If either of the proposed changes were to occur, shortening to one year or removing the restrictions all together, the FMCSA would “continue evaluating the commercial motor vehicle driver’s safety record against his or her intrastate driving experience,” the Federal Register noted.

As it stands now, truck drivers are considered qualified to drive if they have distant visual perception and distant binocular acuity to 20/40 in each eye without corrective lenses or vision corrected to 20/40 with lenses, field of vision at least 70 degrees in the horizontal meridian in each eye, along with the ability to recognize the standard colors present in traffic signals. And existing FMCSA rules allow a driver to be exempt from these qualifications after three years if the agency finds “such exemption would likely achieve a level of safety that is equivalent to, or greater than, the level that would be achieved absent such exemption.”

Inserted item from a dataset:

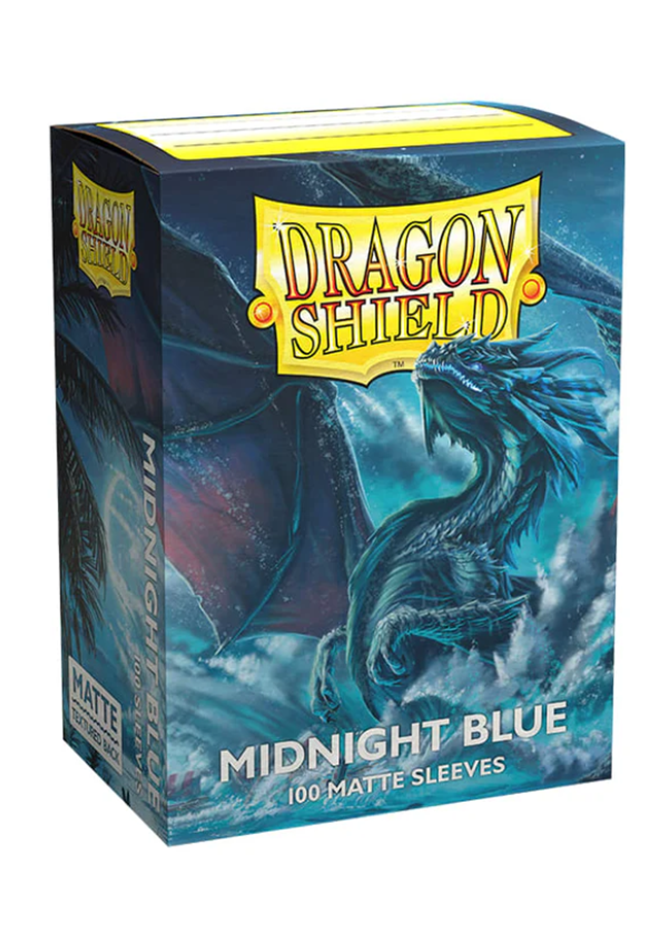 DRAGON SHIELD OBALY - MIDNIGHT BLUE MATTE (100)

The agency considers exemptions on a case-by-case basis and may be granted to drivers who, in addition to the three years of driving experience, are at least 21 years old, have not their license suspended or revoked for any motor vehicle, not been at fault in an accident, not been convicted of serious traffic violations as defined in part 383.51 (b) of the federal regulations, which includes being under the influence of alcohol or controlled substances, operating under a suspended license or using a commercial motor vehicle in committing a felony, and “serious traffic violations” under the current exemption criteria.

The agency is accepting public comment on the proposals until Jan. 17.